Though some might argue that the hype surrounding big data is growing faster than the data itself, one thing is abundantly clear: Businesses can no longer afford to ignore the challenges caused by exponential growth in data volume, velocity and variety -- otherwise known as "the three Vs.”
Part of the urgency is purely operational in nature -- in order to keep systems running smoothly and efficiently, businesses have no choice but to find more effective ways to manage the growing volumes of data that now permeate the organization. But just as important as the need to manage the pressures big data creates is the need to capitalize on the opportunity it affords to make smart, insightful decisions.
In the modern economy, a business that’s not data-driven in its decision making is one that’s not apt to remain competitive for very long.
With that in mind, here are five steps businesses can take to both insulate themselves from the pressures big data creates and take advantage of the opportunities it presents.
1. Convert Data into Information
There’s a big difference between data and information.
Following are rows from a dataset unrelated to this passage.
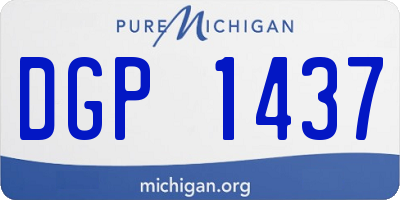 MI license plate DGP1437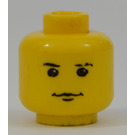 LEGO Yellow Quirrell Head (Safety Stud) (3626)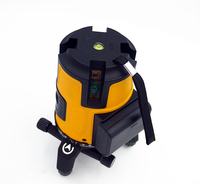 Niveau laser vert rotatif à 360 ° à nivellement automatique Outil de mesure croisée 3D à 5 lignes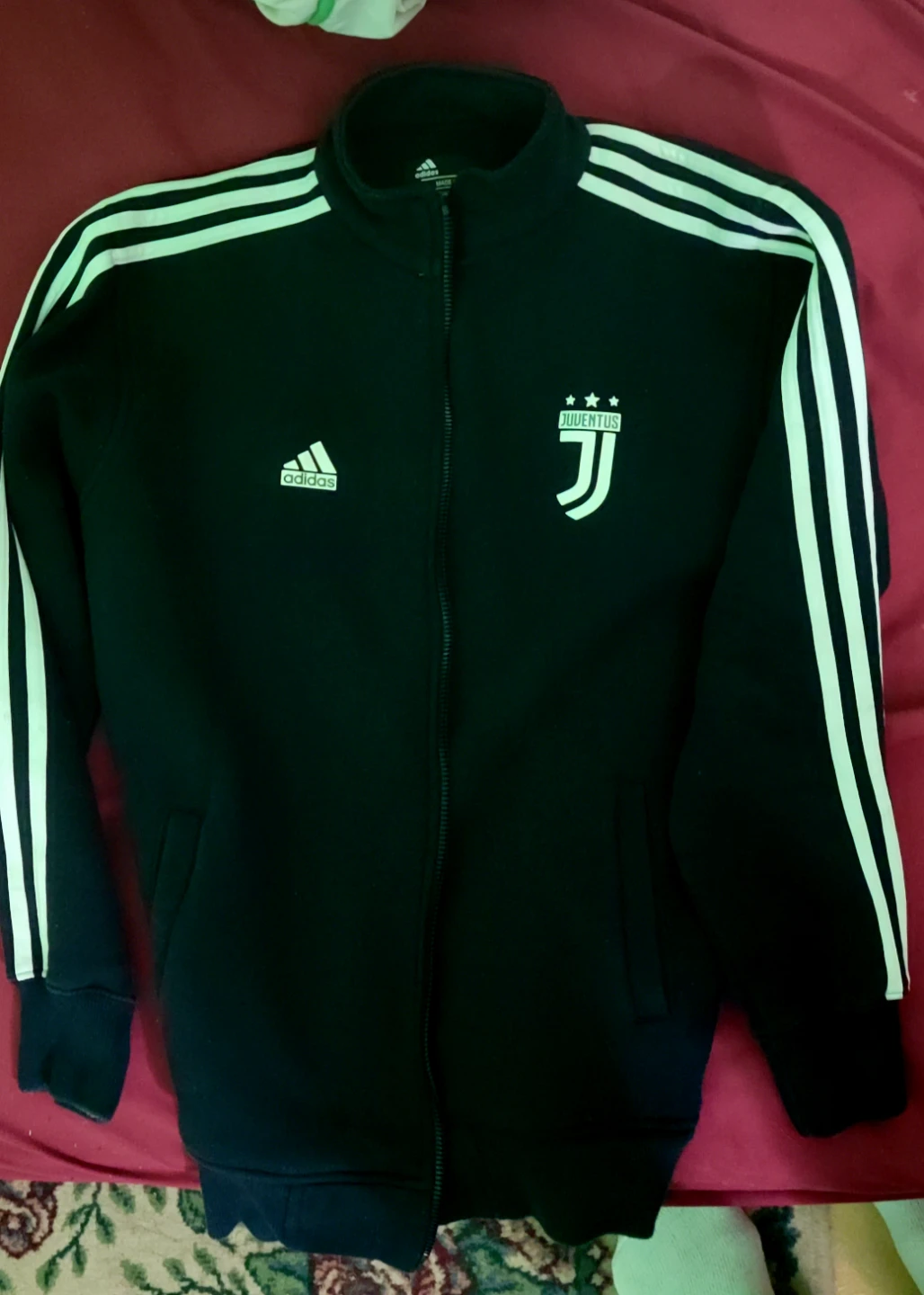 Adidas Juventus track jacket and Buffalo plaid shirt - photo 4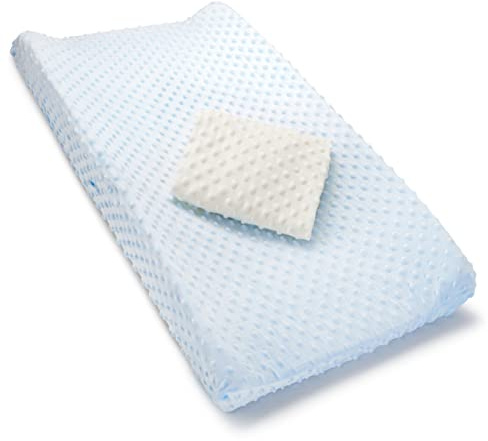 Munchkin® Diaper Changing Pad Covers, 2 Pack, Blue/White – Fits Standard Contoured Changing Pads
Data, in a vacuum, is not incredibly valuable. The value comes from an organization’s ability to convert data into information that can be used to drive informed business decisions. But most organizations are so overwhelmed by their volumes of data that they don’t know where to begin the process of converting it into information.
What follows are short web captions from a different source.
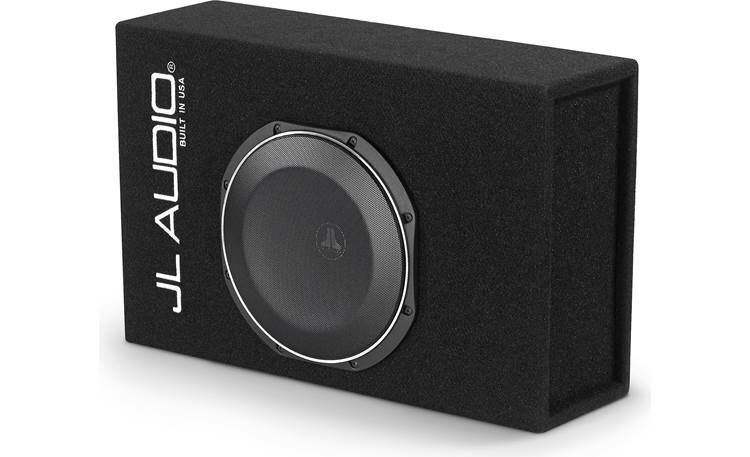 JL AudioÃ‚Â® MicroSub+Ã‚â„¢ TW1 Amplified Enclosed Car Subwoofer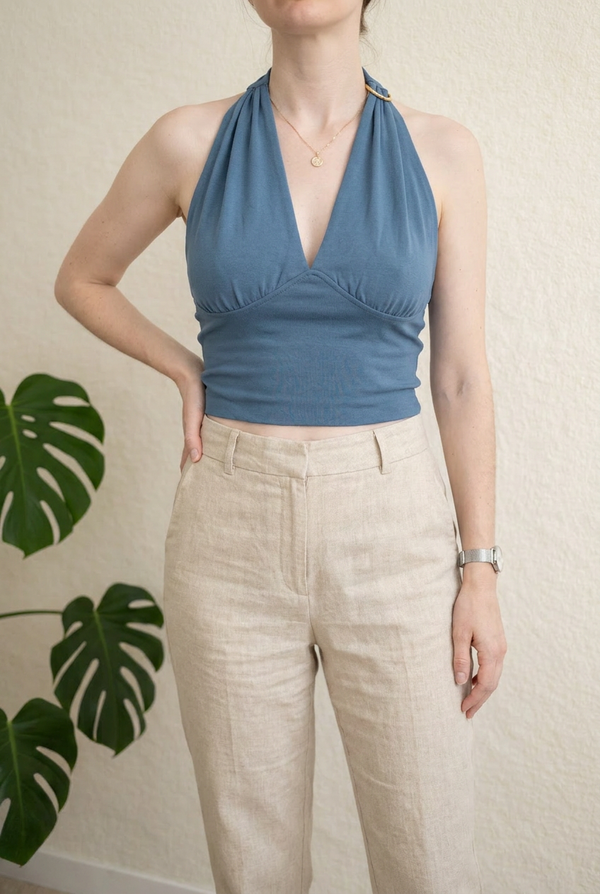 Top licou bleu - Sans marque - S - Bleu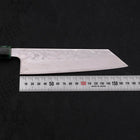 Bunka AUS-10 Nashiji Damascus Mirror Ocean Green Handle 170mm (6.7”)-[Musashi]-[Japanese-Kitchen-Knives]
The key is to start with a business question to which the answer is not already known. The question should be specific and narrow in its focus, and it should be driven by the business, not by the IT department’s desire to experiment with a given technology. Articulating a specific, business-driven question helps focus efforts and makes the task of converting data into information more manageable and attainable.
2. Embrace Data Agnostically
We now operate in a world where the proliferation of multiple data types in multiple locations is the norm. Despite this new reality, too many organizations still try to confine data into a single platform, source or location, and many still make blanket decisions about which data is or isn’t useful based on nothing more than its perceived value. Instead, organizations should embrace data agnostically and prioritize the ability to connect to all data types, in all locations. Only by embracing data agnostically can companies truly discover the valuable insights hidden within non-traditional data types such as video, social media and sensor data.
3. Put People in Control
In many organizations, tools, not people, are in control. In other words, the tools an organization uses have come to define what is and isn’t possible. Decisions are based on what a given set of tools can and cannot track or do. Saying “this is what the tool tracks” is often seen as a justifiable explanation for the limitations of a given analysis.
Employees, not tools, should shape the organization’s information management. That’s why it’s time to embrace the concept of self-service data access and visualization. This will put the power back in the hands of people, empowering them to use their domain expertise to make key decisions.
4. Augment, Augment, Augment
Too often, organizations feel resigned to live with the IT solutions they already have in place. Though users are well aware of the current system’s limitations, they’d rather continue with a flawed approach than have to learn -- and perhaps more importantly, pay for -- an entirely new one.
The mistake here isn’t necessarily in being averse to ripping and replacing, but rather in believing that the status quo or rip-and-replace are the only options. That’s simply not the case. Many great solutions exist now that are complementary in nature, designed to help organizations get more out of the investments they’ve already made and the systems on which their users are already comfortable.
5. Evenly Deploy Governance
Though generally seen as a function of technology, governance should be a key consideration for both IT and line of business. Respect for governance should be embraced across all functional areas, and by all users in a given big data initiative. In no uncertain terms, governance is everyone’s responsibility and should be evenly deployed throughout an organization. They key to making this happen is collaboration. When IT and line-of-business collaborate, the result is an organizational culture where priorities are clear, objectives uniform, and most importantly, nothing falls through the cracks.